Metadata-Version: 2.1
Name: bplusplus
Version: 1.1.0
Summary: A simple method to create AI models for biodiversity, with collect and prepare pipeline
License: MIT
Author: Titus Venverloo
Author-email: tvenver@mit.edu
Requires-Python: >=3.9.0,<4.0.0
Classifier: License :: OSI Approved :: MIT License
Classifier: Programming Language :: Python :: 3
Classifier: Programming Language :: Python :: 3.9
Classifier: Programming Language :: Python :: 3.10
Classifier: Programming Language :: Python :: 3.11
Classifier: Programming Language :: Python :: 3.12
Requires-Dist: prettytable (==3.7.0)
Requires-Dist: pygbif (>=0.6.4,<0.7.0)
Requires-Dist: requests (==2.25.1)
Requires-Dist: ultralytics (==8.0.195)
Requires-Dist: validators (>=0.33.0,<0.34.0)
Description-Content-Type: text/markdown

# B++ repository

[![DOI](https://zenodo.org/badge/765250194.svg)](https://zenodo.org/badge/latestdoi/765250194) 
[![PyPi version](https://img.shields.io/pypi/v/bplusplus.svg)](https://pypi.org/project/bplusplus/)
[![Python versions](https://img.shields.io/pypi/pyversions/bplusplus.svg)](https://pypi.org/project/bplusplus/)
[![License](https://img.shields.io/pypi/l/bplusplus.svg)](https://pypi.org/project/bplusplus/)
[![Downloads](https://static.pepy.tech/badge/bplusplus)](https://pepy.tech/project/bplusplus)
[![Downloads](https://static.pepy.tech/badge/bplusplus/month)](https://pepy.tech/project/bplusplus)
[![Downloads](https://static.pepy.tech/badge/bplusplus/week)](https://pepy.tech/project/bplusplus)

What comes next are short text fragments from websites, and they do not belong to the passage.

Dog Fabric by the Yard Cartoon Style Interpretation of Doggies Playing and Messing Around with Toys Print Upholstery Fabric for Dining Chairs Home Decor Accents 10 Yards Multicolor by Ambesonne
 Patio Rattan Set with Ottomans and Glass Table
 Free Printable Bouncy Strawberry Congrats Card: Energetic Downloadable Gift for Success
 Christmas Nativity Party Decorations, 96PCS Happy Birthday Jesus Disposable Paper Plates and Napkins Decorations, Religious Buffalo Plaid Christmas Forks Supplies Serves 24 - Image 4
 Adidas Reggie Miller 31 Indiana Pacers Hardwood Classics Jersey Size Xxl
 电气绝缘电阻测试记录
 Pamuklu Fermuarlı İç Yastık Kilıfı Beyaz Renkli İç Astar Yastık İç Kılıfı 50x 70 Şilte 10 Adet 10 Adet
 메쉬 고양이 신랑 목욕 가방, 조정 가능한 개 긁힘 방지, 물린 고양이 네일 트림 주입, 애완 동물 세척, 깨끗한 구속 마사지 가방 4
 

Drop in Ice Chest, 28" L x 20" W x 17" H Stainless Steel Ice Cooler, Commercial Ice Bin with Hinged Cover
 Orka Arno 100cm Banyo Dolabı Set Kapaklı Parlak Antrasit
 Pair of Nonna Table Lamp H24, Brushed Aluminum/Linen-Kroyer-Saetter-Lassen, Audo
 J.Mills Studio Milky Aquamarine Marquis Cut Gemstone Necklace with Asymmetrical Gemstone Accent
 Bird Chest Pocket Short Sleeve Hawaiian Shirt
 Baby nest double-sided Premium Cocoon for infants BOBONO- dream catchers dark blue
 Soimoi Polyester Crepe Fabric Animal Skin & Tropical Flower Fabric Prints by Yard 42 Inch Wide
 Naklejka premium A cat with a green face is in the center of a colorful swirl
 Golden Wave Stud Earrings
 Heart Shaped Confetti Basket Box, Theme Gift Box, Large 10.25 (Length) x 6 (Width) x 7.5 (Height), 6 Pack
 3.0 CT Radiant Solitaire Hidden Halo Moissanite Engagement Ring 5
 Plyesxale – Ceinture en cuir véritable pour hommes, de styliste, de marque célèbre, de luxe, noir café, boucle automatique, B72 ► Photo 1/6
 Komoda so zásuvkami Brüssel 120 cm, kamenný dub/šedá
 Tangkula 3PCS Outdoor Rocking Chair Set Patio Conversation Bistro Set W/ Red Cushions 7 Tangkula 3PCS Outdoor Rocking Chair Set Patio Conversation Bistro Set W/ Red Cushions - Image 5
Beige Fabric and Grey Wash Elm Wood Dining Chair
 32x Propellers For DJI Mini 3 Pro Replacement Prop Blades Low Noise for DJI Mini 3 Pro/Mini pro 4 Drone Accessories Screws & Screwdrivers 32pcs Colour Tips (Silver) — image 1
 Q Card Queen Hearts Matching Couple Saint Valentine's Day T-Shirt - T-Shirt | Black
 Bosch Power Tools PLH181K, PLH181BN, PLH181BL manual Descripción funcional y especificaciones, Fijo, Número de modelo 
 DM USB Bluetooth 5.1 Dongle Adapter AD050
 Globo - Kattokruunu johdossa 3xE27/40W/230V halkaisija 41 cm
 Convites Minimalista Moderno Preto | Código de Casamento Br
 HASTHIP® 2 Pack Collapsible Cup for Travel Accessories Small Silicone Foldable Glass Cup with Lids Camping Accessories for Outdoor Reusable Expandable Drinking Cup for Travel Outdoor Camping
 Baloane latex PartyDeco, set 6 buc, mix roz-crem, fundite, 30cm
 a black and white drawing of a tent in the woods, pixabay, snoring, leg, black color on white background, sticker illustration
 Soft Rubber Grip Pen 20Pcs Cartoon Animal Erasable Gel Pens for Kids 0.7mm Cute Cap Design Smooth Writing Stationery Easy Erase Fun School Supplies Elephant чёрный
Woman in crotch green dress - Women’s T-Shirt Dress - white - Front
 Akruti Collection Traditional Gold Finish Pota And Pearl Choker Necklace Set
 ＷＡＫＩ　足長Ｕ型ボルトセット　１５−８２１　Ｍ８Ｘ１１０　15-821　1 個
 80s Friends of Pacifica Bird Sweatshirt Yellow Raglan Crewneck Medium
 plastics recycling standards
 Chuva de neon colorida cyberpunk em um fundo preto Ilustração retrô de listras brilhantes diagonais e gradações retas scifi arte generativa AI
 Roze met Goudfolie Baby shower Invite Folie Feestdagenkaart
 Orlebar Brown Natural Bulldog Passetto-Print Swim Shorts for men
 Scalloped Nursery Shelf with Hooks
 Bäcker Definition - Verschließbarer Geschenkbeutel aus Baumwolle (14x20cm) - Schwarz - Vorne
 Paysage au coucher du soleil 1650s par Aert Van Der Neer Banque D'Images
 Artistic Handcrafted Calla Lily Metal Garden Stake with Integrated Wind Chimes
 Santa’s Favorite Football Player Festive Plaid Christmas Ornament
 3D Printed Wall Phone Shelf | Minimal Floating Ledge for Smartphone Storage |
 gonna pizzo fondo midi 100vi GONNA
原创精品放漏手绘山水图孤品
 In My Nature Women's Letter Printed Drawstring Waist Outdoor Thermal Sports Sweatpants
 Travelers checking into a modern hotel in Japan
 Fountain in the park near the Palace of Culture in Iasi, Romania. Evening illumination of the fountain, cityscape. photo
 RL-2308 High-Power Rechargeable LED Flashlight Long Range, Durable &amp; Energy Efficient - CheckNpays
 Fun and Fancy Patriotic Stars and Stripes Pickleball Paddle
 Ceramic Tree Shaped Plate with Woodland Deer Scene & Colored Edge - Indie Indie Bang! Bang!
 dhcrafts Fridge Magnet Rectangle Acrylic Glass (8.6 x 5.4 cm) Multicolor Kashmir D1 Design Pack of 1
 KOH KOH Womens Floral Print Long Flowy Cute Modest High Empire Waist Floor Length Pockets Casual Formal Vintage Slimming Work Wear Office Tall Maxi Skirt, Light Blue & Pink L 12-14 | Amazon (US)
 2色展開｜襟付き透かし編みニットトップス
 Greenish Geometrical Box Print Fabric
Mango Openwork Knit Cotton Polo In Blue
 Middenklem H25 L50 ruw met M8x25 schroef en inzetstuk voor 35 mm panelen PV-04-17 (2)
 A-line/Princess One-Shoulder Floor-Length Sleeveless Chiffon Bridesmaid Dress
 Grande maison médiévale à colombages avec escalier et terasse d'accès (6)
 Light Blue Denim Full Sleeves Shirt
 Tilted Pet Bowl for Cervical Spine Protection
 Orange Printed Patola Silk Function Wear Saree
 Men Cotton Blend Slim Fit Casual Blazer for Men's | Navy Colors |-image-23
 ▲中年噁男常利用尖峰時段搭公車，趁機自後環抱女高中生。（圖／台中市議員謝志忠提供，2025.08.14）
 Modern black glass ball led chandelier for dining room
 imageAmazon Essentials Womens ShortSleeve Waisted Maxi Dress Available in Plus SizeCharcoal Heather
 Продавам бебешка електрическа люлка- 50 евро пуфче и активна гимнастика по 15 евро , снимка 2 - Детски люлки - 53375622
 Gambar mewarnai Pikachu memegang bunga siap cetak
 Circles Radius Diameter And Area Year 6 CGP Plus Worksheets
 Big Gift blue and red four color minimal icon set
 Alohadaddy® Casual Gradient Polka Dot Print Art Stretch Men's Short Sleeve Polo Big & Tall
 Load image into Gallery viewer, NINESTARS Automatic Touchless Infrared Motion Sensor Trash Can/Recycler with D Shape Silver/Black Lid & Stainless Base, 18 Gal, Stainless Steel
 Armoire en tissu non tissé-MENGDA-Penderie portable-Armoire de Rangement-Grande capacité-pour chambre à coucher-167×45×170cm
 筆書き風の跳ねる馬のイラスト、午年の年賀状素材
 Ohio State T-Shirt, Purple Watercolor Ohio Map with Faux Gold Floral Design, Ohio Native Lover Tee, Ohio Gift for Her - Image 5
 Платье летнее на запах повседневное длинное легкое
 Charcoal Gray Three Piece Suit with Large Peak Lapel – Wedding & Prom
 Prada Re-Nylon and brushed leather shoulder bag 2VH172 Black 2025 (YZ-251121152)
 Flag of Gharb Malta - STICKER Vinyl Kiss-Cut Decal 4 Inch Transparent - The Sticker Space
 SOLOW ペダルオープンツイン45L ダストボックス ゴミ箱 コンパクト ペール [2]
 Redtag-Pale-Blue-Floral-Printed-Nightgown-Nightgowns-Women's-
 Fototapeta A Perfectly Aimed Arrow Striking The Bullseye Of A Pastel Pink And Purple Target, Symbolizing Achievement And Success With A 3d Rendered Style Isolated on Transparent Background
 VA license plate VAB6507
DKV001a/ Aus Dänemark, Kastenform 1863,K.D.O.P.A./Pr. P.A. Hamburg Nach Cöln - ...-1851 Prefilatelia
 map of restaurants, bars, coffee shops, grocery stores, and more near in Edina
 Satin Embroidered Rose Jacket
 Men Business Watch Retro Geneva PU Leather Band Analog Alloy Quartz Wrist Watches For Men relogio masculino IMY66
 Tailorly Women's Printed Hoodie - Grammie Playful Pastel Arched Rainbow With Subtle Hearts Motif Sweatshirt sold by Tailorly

This repo can be used to quickly generate YOLOv8 models for biodiversity monitoring, relying on Ultralytics and a GBIF dataset.

All code is tested on macOS and Python 3.12, without GPU. GPU would obviously accelerate the below steps, Ultralytics should automatically select the available GPU if there is any.

# How does it work?

To use the bplusplus package to train your own insect detection model, we provide four functions: `collect()`, `prepare()`, `train()`, `validate()`. When training an object detection model, you need a dataset with labeled data of insect species. For this package in the `collect()` function, we use images from the GBIF database (https://doi.org/10.15468/dl.dk9czq) and run them through a pretrained *insect detection model*, defining the bounding boxes for the insects, and add the scientific name from the file path. In that way, we are able to prepare a full dataset of labeled and classified insect data for training. 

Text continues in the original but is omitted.